* EXERCISE REQUIREMENTS:
Output exactly the lines below, starting with the line that has "in the forest." and going on through the line that has "Asian lady using an automated teller machine", both included, and no other lines.

* DATA LISTING:
──────────

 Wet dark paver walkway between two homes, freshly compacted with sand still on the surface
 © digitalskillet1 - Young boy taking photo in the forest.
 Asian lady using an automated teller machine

──────────

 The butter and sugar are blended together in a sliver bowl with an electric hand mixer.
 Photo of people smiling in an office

──────────

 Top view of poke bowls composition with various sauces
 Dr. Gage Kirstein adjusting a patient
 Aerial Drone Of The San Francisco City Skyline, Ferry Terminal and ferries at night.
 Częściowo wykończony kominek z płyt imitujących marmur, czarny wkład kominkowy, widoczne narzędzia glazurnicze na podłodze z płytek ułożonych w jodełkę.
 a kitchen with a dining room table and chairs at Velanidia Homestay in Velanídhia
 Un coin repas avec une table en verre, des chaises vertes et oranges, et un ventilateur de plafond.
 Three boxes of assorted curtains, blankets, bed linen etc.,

──────────

* ANSWER FOR THE TASK:
 © digitalskillet1 - Young boy taking photo in the forest.
 Asian lady using an automated teller machine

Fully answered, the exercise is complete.